A mi lado caminaban otros hombres, llevando consigo palos, sogas y hasta pistolas en el cinturón. No tenía ni la más remota idea de lo graves que eran las cosas, mi cerebro era incapaz de procesarlo. Yo me sentía como en un sueño, flotando, creyendo que lo que ocurría no era más que producto de mi imaginación.

Pero estaba en el pueblo, justo en ese donde la gente tomaba acción por cuenta propia porque no había policía y estaban hartos de las injusticias. Podía notar la furia en sus facciones y en sus palabras. Cada tantos metros alguien me insultaba o me escupía, incluso me tiraban alguna patada.

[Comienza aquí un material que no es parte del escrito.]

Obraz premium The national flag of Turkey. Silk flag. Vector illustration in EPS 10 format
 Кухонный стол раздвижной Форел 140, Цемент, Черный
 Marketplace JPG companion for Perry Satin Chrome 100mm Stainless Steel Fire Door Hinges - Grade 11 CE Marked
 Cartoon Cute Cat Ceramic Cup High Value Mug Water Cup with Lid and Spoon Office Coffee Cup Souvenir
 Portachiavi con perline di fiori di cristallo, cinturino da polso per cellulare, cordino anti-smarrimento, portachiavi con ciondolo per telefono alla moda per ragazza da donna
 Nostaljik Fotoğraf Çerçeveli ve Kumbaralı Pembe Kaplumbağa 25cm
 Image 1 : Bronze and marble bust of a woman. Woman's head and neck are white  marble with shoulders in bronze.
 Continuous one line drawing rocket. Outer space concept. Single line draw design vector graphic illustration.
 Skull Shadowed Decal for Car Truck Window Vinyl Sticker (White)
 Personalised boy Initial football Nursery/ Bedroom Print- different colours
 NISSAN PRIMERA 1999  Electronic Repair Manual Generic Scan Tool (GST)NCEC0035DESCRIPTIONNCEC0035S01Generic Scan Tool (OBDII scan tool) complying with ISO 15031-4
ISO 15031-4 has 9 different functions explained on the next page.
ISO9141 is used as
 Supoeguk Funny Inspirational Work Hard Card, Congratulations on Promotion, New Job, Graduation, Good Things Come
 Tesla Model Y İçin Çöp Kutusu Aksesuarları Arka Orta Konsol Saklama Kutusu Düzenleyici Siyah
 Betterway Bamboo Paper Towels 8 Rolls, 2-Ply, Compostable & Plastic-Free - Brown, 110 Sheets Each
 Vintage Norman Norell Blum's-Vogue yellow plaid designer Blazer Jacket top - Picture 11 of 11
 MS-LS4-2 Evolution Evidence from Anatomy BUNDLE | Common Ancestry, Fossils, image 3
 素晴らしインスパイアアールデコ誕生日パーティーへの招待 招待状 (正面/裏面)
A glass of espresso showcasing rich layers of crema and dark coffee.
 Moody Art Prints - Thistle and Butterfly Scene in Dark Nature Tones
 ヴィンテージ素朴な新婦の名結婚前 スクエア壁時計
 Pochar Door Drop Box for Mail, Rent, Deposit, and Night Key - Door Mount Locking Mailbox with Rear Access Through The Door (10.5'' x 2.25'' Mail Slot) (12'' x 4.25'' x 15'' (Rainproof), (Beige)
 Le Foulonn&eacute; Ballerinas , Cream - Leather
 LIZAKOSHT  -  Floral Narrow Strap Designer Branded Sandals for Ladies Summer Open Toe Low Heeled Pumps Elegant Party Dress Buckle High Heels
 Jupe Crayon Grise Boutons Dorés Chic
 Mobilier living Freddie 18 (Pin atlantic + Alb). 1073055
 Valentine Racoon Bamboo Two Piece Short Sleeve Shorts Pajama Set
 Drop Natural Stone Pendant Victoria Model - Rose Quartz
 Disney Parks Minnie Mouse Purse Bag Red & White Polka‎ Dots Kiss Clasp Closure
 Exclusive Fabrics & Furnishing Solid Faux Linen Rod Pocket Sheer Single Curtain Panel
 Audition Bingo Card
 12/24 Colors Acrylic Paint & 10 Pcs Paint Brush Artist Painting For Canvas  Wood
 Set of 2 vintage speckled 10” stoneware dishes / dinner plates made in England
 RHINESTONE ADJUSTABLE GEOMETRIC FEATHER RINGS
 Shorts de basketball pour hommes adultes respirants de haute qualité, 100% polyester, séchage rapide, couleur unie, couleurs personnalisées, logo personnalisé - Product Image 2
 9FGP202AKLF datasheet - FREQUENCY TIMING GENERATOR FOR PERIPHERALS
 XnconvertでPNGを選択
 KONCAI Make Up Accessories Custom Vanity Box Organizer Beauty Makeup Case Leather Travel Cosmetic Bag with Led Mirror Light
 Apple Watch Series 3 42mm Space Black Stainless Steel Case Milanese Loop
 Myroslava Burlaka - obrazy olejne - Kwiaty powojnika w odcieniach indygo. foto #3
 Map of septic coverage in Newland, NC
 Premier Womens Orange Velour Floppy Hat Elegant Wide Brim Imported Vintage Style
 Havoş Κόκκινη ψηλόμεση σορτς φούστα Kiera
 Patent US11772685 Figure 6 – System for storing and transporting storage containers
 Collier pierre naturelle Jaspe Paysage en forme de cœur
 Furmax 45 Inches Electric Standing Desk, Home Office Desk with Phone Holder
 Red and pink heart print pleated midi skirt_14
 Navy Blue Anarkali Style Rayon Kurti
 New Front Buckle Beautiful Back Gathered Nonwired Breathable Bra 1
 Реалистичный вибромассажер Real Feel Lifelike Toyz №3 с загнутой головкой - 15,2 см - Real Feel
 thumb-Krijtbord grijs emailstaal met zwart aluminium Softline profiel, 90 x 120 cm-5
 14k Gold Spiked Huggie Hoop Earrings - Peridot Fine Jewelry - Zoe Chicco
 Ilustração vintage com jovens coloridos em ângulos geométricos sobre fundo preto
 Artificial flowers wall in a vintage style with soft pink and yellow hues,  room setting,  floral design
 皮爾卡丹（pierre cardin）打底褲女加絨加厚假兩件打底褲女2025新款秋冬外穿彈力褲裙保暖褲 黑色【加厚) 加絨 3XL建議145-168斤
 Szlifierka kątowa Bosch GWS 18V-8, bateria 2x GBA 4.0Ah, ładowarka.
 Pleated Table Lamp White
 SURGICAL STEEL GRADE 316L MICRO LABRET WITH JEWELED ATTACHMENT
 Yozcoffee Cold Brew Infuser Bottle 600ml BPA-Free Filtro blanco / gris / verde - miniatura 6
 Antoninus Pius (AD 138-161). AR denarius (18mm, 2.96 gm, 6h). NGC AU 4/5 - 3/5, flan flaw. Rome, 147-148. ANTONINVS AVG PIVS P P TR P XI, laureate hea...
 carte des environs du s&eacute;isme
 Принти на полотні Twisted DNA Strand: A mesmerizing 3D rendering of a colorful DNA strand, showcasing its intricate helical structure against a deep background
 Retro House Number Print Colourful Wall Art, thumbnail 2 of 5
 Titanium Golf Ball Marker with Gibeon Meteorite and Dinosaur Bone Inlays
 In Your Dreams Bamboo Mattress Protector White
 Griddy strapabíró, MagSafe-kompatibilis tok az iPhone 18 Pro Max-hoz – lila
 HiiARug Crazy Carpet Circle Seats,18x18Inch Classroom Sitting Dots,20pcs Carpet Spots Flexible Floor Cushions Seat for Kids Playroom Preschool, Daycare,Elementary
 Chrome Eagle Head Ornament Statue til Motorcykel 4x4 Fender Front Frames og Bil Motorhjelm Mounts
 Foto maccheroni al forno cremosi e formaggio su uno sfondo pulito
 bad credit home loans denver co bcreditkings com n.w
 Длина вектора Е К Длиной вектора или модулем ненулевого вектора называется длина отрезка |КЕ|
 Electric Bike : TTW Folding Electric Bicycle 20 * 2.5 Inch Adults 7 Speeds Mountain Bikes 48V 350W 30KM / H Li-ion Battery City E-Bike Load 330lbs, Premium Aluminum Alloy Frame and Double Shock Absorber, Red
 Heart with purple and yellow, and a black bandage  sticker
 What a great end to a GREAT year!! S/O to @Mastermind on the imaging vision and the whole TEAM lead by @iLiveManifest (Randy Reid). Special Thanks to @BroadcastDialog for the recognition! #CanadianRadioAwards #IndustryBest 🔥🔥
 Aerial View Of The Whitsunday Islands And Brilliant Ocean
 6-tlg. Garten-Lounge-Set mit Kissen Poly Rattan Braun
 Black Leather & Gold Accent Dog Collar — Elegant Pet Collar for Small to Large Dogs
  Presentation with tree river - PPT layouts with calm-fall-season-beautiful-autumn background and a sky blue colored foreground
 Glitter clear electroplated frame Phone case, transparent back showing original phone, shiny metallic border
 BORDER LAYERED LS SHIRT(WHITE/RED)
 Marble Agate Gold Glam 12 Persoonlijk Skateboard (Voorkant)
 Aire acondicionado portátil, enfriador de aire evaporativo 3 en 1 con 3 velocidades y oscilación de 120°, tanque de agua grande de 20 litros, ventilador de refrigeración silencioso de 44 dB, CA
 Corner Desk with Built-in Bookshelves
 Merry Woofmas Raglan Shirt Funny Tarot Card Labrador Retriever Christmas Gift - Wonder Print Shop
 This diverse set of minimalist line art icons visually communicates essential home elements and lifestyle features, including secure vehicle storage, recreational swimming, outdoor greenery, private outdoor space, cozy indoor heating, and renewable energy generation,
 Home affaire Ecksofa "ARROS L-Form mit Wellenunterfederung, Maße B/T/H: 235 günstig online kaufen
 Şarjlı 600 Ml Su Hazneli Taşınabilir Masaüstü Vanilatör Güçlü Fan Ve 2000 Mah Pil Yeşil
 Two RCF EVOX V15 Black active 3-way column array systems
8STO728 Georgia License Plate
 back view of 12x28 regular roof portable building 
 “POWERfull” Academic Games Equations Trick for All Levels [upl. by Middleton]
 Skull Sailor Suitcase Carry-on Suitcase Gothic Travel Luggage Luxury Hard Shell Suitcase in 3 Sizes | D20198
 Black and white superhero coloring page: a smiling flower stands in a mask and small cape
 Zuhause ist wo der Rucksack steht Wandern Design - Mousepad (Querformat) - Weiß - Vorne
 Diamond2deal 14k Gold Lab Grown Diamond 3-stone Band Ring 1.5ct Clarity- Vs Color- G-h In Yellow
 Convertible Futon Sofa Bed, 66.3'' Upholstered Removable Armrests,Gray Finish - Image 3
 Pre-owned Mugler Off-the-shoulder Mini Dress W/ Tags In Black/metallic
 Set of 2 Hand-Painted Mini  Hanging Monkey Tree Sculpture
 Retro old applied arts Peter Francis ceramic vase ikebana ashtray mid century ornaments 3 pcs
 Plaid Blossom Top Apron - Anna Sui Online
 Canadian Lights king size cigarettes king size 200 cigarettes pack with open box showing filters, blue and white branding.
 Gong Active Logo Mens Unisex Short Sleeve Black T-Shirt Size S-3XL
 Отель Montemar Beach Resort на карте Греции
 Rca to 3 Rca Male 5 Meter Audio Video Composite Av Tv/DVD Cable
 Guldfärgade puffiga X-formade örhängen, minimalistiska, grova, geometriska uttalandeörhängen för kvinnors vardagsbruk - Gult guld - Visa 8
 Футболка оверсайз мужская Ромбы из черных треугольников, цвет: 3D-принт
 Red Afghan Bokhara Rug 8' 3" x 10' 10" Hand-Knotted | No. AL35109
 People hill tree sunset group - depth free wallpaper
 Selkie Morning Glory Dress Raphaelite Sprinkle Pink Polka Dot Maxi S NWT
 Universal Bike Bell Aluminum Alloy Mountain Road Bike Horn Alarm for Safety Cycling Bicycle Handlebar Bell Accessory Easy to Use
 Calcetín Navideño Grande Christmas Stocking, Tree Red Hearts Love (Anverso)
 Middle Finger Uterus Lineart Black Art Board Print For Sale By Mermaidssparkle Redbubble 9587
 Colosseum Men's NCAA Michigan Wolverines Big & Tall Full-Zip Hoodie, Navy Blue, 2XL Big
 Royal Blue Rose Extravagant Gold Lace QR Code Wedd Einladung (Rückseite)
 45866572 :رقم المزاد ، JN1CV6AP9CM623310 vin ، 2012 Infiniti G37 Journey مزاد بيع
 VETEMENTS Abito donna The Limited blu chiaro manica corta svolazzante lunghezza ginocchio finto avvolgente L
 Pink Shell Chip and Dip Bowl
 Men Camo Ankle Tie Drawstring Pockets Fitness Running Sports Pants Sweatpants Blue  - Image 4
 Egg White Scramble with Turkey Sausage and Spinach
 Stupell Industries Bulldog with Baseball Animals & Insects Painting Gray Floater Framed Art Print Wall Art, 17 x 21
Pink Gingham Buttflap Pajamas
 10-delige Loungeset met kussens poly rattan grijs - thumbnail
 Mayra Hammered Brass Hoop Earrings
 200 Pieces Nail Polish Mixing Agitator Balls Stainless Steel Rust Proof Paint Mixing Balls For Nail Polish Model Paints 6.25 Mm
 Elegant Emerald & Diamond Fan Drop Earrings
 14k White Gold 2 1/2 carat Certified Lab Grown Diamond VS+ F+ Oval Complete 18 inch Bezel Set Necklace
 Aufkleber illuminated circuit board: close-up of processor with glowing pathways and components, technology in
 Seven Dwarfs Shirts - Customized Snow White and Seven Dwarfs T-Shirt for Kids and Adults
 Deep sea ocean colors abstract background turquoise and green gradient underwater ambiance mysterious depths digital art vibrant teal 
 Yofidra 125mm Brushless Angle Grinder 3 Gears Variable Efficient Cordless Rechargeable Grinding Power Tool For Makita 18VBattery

Estar casi desmayado sirvió para que la situación y ese corto trayecto no me estresaran más de lo que ya lo hacían. Aunque lastimosamente esos efectos poco a poco desaparecieron, trayendo consigo un montón de sensaciones indescriptibles, tanto físicas como mentales. Mi cuerpo se encontraba rígido, tembloroso y sangraba. Mi mente estaba sumergida en miedo, volviéndome incapaz de gritar por perdón.

Había visto linchamientos en internet. Ciudadanos comunes matando a palos, pedradas o a golpes a ladrones o violadores. Era común e incluso legal en sitios como este pueblo por los usos y costumbres. La gente aplaudía, la gente grababa, la gente estaba de acuerdo y hasta yo, por encima de la brutalidad, creía que se lo merecían.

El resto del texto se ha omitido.